• Task goal:
From the entries that follow, gather each line holding the word "with".

• Data for the task:
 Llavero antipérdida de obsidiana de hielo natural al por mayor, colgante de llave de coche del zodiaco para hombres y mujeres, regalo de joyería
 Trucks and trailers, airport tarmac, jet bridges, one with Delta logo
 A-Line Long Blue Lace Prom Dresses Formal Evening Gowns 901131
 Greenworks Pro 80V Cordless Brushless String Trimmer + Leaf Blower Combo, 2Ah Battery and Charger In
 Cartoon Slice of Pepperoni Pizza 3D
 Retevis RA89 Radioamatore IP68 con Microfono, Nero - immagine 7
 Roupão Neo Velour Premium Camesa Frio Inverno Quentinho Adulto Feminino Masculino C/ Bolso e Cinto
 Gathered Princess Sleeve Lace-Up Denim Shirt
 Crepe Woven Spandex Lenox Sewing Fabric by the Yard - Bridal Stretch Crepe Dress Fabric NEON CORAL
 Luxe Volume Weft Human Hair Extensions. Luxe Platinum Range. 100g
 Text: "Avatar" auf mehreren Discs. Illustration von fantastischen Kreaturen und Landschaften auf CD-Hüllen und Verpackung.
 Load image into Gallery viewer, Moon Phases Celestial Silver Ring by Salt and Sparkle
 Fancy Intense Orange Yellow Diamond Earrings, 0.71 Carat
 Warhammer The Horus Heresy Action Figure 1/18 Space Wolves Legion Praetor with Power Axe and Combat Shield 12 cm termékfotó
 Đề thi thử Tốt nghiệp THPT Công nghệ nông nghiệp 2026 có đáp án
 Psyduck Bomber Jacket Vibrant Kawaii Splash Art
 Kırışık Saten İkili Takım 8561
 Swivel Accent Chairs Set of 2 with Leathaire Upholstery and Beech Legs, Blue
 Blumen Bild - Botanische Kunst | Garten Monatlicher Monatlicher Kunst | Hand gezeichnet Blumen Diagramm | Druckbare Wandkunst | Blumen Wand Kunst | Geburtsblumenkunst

• Written solution:
 Trucks and trailers, airport tarmac, jet bridges, one with Delta logo
 Warhammer The Horus Heresy Action Figure 1/18 Space Wolves Legion Praetor with Power Axe and Combat Shield 12 cm termékfotó
 Swivel Accent Chairs Set of 2 with Leathaire Upholstery and Beech Legs, Blue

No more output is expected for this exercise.